To expand our current middle school to handle a population increase from 1,200 to 1,800 would require a significant land addition to the site. The only available land for this expansion is the Scripps Ranch Community Park, which is needed to meet our recreational needs. Thus the expansion option also required evaluation of recreational space, and how and where to provide replacement recreational space for any parkland lost to school construction.
The options for construction of the 4th elementary school, listed alphabetically are: Cypress Canyon Park, Fairbrook School site, and Spring Canyon site (current site of the modular EBS school). Again, cost and schedule were two key elements in reviewing this option, along with evaluation of recreational space impacts.
At the meeting, the School District reviewed the background and the options listed above. Cost and schedule were important; the projected cost of the initial business park plan was $66 million with a school availability of 2005 for the middle school and 2006 for the elementary school. These costs do not include the cost of the modular EBS School since that is needed for all options. It also was noted that these costs greatly exceed those originally planned for our community in the Prop MM budget (~ $36M).

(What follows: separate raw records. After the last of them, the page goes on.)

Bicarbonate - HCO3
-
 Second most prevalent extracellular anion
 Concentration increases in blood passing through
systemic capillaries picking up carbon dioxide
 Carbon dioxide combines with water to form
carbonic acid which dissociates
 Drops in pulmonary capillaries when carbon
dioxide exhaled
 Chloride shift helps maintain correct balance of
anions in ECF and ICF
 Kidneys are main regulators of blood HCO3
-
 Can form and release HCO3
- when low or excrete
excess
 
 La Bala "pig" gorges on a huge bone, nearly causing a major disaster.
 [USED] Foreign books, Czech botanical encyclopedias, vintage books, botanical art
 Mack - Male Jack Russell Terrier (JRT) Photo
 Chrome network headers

From preliminary studies, the District concluded that building a new middle school was the best option to follow. However, this option would require a slip in school availability to 2006 for the middle school and 2007 for the elementary school. The only way to adhere to the current schedule would be to move today on the business park option, something that few really wanted to do.

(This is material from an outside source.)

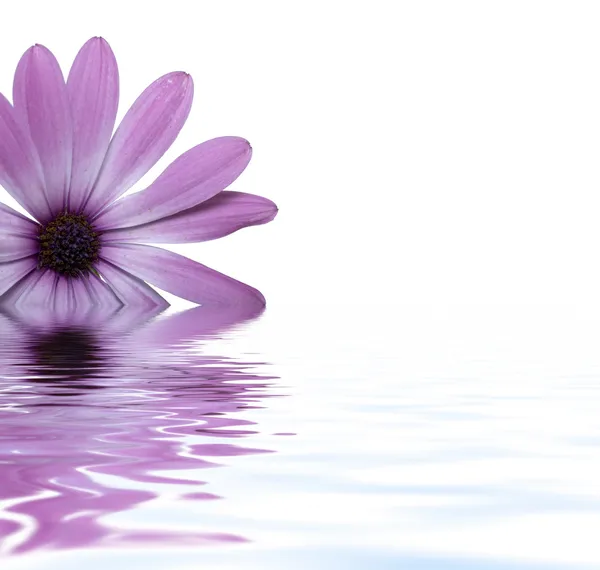 Квітка плаває у воді Стокова Картинка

They reported that there were two preferred alternative sites they wanted to study further, stating there was moderate risk that a new middle school could not be constructed on these two sites. They further stated that if these first two options prove not to be feasible, then other options would have to be carefully reviewed since there is disagreement on which option would be preferred. The options that the District has identified are:
- Build a new middle school on land located at the west end of USIU; or
- Build a new middle school on land located west of Cypress Canyon Park.
- In an unranked order:
- Build the middle school on the business park site;
- Expand Marshall on its current site, which would require construction of a 4th elementary school somewhere in Scripps Ranch;or
- Reconfigure Scripps Ranch elementary and middle school grade levels (K-4, 5-6, 7-8), which includes maintaining EB Scripps as a modular school at Spring Canyon, and building a new school on the Fairbrook site.
The Chabad site was dropped because of expansion plans that are going forward for that school. The USIU east site was dropped because of site terrain and access issues. The Davis Ranch site was dropped because of economics.
While there seems to be a consensus that options 1 and 2 are acceptable, there is a significant difference of opinion within the community about what the best option 3 would be if the two proposed sites are not determined to be feasible for a middle school.
Some in the community want to preserve the business park, and some in the community want to proceed with building a middle school in the business park. Obviously this is a topic that needs further discussion within the community. And if ultimately a new middle school is not built, then we will need to review both the Marshall build-out option as well as grade configuration options. Both of these would still require school construction, as we do not have sufficient capacity in Scripps Ranch to house our growing student population.
The District’s Recommendation
The District staff is recommending that the School Board approve starting the environmental review of options 1 and 2. This process is a long one, with completion estimated around August 2002; however, they felt there could be a preliminary “decision point” by September 2001. This preliminary decision point would give a strong indication of whether either option is a viable candidate worth pursuing further.